Today, it has developed, preserved,
or helped finance 37,000 housing units
nationwide, serves more than 124,000
people, and employs 1,200. It owns
nearly 250 affordable housing properties,
with more than 14,500 units.
“To every issue and occasion, Sister
Lillian brings a knockout combination of
moral force and a social entrepreneur’s
understanding of how to take a good idea
to a scale that makes a real difference,”

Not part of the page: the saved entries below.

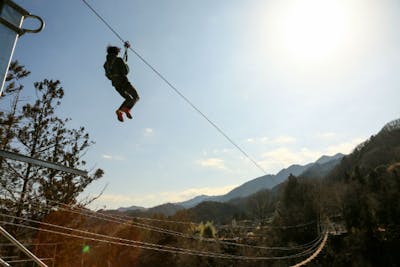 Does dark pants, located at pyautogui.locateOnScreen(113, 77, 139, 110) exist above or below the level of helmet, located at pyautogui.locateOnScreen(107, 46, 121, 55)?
below

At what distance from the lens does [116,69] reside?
16.0 ft

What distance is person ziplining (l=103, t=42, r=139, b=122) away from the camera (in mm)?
4824

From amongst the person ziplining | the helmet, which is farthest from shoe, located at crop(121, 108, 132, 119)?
the helmet

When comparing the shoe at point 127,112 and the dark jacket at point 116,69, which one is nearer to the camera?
the dark jacket at point 116,69

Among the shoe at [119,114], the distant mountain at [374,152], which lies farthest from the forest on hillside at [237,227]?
the distant mountain at [374,152]

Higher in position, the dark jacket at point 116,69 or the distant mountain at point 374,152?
the distant mountain at point 374,152

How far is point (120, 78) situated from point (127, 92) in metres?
0.27

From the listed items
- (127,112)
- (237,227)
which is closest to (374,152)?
(237,227)

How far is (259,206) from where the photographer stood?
44.2 m

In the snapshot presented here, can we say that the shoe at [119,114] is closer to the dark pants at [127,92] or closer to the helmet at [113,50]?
the dark pants at [127,92]

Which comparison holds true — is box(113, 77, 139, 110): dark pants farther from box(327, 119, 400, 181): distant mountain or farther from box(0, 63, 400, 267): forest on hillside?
box(327, 119, 400, 181): distant mountain

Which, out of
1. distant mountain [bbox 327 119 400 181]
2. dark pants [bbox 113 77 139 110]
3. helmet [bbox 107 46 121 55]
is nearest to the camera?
helmet [bbox 107 46 121 55]

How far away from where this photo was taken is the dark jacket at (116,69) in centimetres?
483

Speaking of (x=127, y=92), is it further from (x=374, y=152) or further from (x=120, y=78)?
(x=374, y=152) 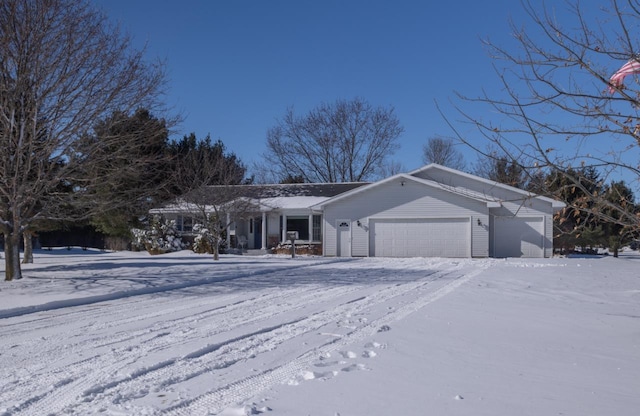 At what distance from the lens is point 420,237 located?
2642cm

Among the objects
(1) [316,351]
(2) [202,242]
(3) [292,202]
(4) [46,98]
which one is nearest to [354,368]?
(1) [316,351]

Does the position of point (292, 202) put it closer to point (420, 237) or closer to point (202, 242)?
point (202, 242)

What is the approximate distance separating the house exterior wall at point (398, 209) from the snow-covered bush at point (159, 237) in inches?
331

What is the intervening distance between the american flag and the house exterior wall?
20.9 m

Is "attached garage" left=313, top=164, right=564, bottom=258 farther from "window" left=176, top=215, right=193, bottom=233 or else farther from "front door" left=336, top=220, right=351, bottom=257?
"window" left=176, top=215, right=193, bottom=233

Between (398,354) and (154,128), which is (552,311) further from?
(154,128)

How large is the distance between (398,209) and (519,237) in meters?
5.86

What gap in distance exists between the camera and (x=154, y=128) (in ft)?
47.1

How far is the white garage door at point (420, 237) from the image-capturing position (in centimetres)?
2605

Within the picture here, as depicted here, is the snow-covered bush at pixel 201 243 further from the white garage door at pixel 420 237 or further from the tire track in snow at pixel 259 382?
the tire track in snow at pixel 259 382

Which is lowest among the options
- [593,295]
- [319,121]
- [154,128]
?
[593,295]

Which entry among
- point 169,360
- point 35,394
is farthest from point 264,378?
point 35,394

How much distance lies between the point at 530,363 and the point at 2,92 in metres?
12.4

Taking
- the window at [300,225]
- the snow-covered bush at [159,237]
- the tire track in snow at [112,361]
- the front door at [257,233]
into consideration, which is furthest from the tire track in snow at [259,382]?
the front door at [257,233] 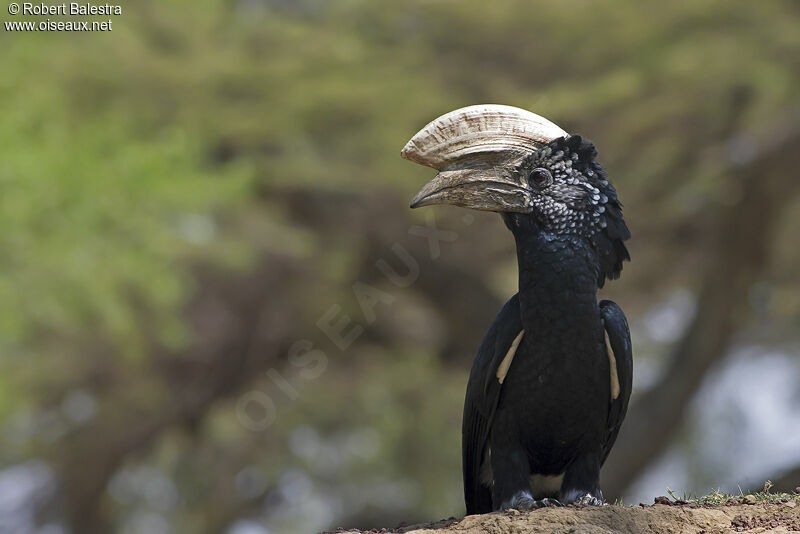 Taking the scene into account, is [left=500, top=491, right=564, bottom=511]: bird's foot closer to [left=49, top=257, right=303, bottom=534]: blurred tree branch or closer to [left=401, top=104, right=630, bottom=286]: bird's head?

says Bill Kelly, president of the Stewards
of Affordable Housing for the Future, a network of nine leading nonprofits, including
Mercy Housing. “Not satisfied
with having built Mercy Housing into
a ‘best of class’ organization, she is still
on the frontier, seeking enterprise-level
capital, measuring social return on investment,
and crafting services that enable
residents to lead better lives.”
Other observers agree. “Sister
Lillian has been a pioneer for affordable
housing for many years,” says Denver
Mayor John Hickenlooper. “Her standing
as someone who cares but also delivers
is without comparison.”
Connecting health and housing
Murphy is the seventh of eight children.
Her father, an Irishman, never lost
his brogue as he raised his family in San
Francisco. He worked as an upholsterer
for the Southern Pacific Railroad and
chairman of his union. Once all the kids
were in school, her mother worked for a
wholesale grocer.
Joining the Sisters of Mercy in 1959,
Murphy started her career in hospital
administration. While working at St.
Mary’s Medical Center in San Francisco,
she became involved in the development
of Mercy Terrace, a seniors housing project,
around 1980.
Several years later, Mercy Housing
needed a new leader. “I said, ‘Well I can
do this for three to five years and then
come back to health care.’ That was 22
years ago,” says Murphy.
Over the years, the organization
has developed a wide range of affordable
housing. In a unique move, it has forged
partnerships with nine major healthcare
systems, which have helped provide
residents with increased access to health
care.
She has served on numerous industry
boards and is a national spokeswoman
for the cause of affordable housing.
One of her favorite messages is that
housing is a means to an end.
“The end is to provide opportunities
for people to stabilize their lives and
achieve their dreams, whatever those
are,” she says.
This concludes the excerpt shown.